What the task asks
Once the line containing "Chemin De Table" has been written out, stop; until then, restate each line of the entries below word for word from the first.
---------- Given information ----------
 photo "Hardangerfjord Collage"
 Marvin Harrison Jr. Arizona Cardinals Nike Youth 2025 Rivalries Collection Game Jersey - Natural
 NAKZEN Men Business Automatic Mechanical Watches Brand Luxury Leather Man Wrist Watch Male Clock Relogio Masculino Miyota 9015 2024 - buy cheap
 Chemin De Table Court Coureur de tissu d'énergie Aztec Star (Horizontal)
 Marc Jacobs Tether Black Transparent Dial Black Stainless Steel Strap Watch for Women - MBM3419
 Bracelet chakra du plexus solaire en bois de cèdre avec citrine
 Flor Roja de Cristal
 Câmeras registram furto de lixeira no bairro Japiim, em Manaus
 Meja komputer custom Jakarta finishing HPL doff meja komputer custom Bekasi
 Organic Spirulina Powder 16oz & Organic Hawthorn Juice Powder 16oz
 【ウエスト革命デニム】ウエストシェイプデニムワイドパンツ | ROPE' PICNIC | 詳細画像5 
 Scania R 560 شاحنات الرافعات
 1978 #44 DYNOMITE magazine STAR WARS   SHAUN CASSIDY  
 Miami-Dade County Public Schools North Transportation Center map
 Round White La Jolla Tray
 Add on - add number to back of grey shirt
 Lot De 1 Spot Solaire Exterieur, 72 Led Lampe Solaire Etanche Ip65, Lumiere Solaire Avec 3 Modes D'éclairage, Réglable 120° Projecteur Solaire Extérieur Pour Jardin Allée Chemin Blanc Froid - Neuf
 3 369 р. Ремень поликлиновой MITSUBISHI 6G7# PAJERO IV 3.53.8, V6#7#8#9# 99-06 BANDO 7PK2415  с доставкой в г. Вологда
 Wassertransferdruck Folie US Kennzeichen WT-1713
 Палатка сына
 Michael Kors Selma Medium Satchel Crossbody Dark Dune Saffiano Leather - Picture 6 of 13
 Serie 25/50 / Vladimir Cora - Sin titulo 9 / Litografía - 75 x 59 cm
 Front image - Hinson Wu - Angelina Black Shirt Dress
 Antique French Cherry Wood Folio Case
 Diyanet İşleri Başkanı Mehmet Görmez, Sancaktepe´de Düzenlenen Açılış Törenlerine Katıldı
----------
Written reply
 photo "Hardangerfjord Collage"
 Marvin Harrison Jr. Arizona Cardinals Nike Youth 2025 Rivalries Collection Game Jersey - Natural
 NAKZEN Men Business Automatic Mechanical Watches Brand Luxury Leather Man Wrist Watch Male Clock Relogio Masculino Miyota 9015 2024 - buy cheap
 Chemin De Table Court Coureur de tissu d'énergie Aztec Star (Horizontal)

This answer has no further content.